Insiden tersebut merupakan yang terbaru dalam serangkaian aksi peretasan besar-besaran yang menunjukkan rentannya pemerintah federal.

Pada 2014, para peretas Rusia diduga mengakses sistem komputer yang tidak bersifat rahasia di Gedung Putih dan Kementerian Luar Negeri.

Para peretas mencuri informasi 100 ribu pembayar pajak dari komputer Badan Pendapatan Dalam Negeri AS.

Obama menempatkan kemampuan serangan siber Tiongkok dan Rusia dalam kategori "sangat bagus", Iran "bagus", dan Korea Utara "kurang bagus".

Tiongkok mengoperasikan instrumen keamanan dan pemantauan yang luas karena Partai Komunis yang berkuasa ingin tetap mempertahankan kekuasaannya.

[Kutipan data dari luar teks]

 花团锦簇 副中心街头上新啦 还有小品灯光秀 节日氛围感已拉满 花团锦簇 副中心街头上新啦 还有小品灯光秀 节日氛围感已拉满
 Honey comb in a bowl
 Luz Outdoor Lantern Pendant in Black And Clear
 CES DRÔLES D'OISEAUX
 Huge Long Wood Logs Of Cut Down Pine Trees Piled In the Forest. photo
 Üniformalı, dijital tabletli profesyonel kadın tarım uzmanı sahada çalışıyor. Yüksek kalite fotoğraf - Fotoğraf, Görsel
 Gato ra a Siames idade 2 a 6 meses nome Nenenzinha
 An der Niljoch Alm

Dalam buku putihnya baru-baru ini, Beijing mengatakan akan "mempercepat pembangunan pasukan siber" dalam Tentara Pembebasan Rakyat.

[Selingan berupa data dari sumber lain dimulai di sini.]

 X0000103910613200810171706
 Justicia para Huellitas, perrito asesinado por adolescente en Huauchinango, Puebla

Amerika Serikat menyuarakan meningkatnya kekhawatiran mengenai serangan siber dalam beberapa bulan terakhir.

Laksamana Michael Rogers yang mengepalai Badan Keamanan Nasional dan Komando Siber AS mengatakan serangan di masa datang bisa memicu tindak balas dengan senjata.

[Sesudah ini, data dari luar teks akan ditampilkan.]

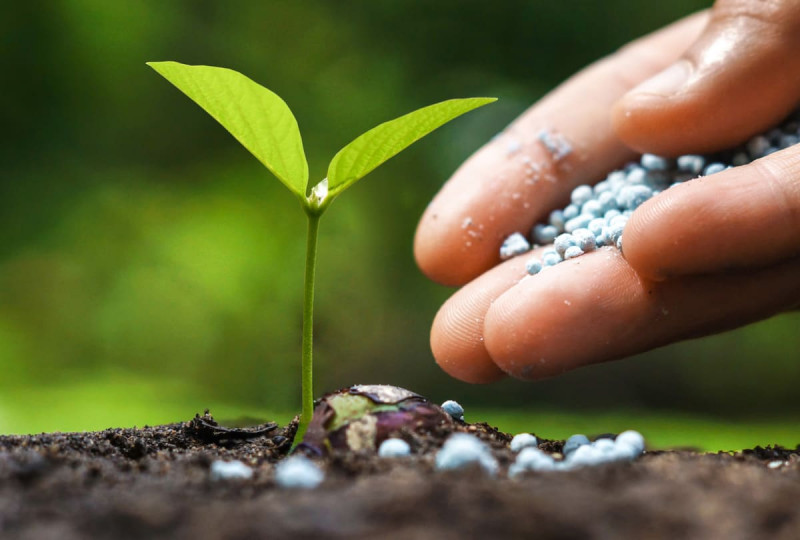 Комплексне мінеральне добриво Суперфосфат, 50 кг 2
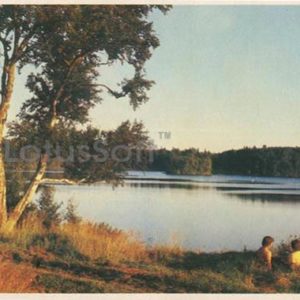 Северная морошка. На озере. Брусника, 1986 год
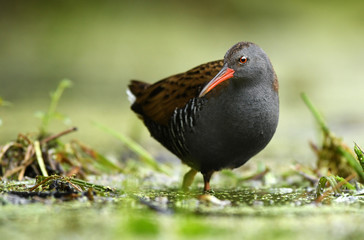 Water Rail (Rallus aquaticus)
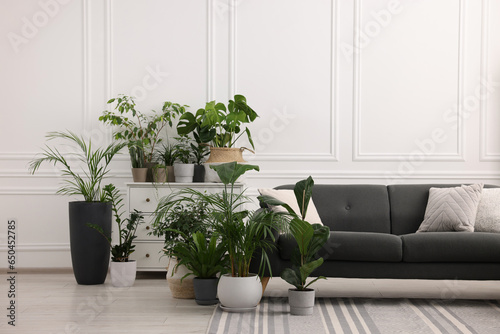 Cozy room interior with different potted green houseplants and comfortable sofa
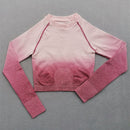 Women Ombre Seamless Gradient Suit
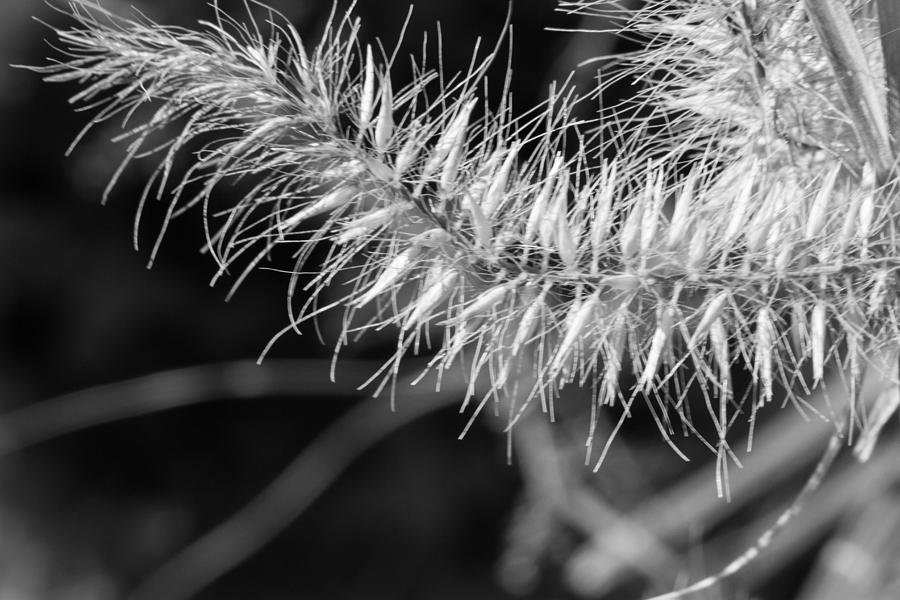 Reed Grass in Black n White Photograph by Renette Coachman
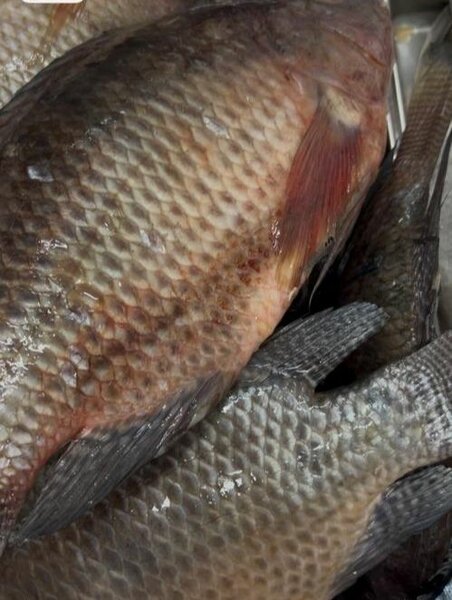 Poisson carpes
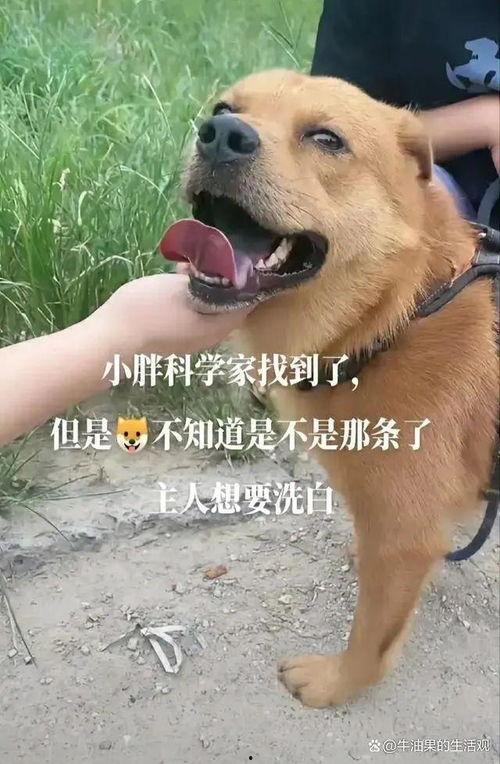 二狗网红吃瓜图片,趣味横生瞬间引爆网络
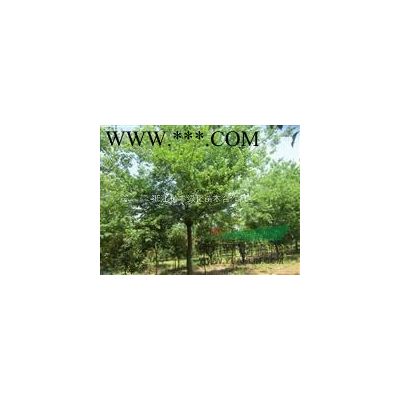 從生紫薇從生紅花紫薇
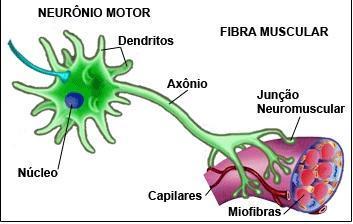 JUNÇÃO NEUROMUSCULAR Sinapse entre o axônio do neurônio motor e a fibra muscular Motoneurônio neurônio que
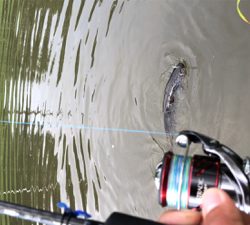 バスハスナマズ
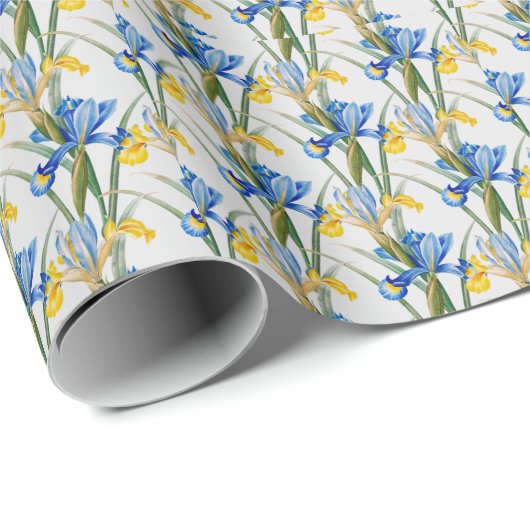 Spanisch Iris - Vintage botanische Wrap Geschenkpapier (Rolleneckpunkt)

Pada Februari, Direktur Intelijen Nasional AS James Clapper mengatakan arus kuat serangan siber tingkat rendah merupakan bahaya palingg banyak dihadapi oleh AS, dibandingkan "armageddon" digital yang potensial.

Ia mengatakan "aktor-aktor" asing melakukan pengintaian dan mendapatkan akses digital ke sistem infrastruktur AS, sehingga bila perlu mereka bisa melancarkan serangan siber di masa depan.

Muncul keprihatinan bahwa kelompok kriminal dan teroris atau organisasi mata-mata bisa menyasar infrastruktur vital seperti jaringan listrik atau sistem kontrol lalu lintas udara.

Kantor Akuntabilitas Pemerintah pada April memperingatkan meningkatnya serangan siber terhadap Amerika dan mengatakan potensi bahaya tersebut diperparah dengan kelemahan pendekatan pemerintah federal untuk melindungi sistem dan informasi federal."

Badan Keamanan Nasional dilaporkan telah diberi kewenangan lebih luas untuk memata-matai lalu lintas internet dalam upaya menelusuri peretasan komputer oleh pemerintah asing maupun pihak-pihak lain, demikian AFP melaporkan.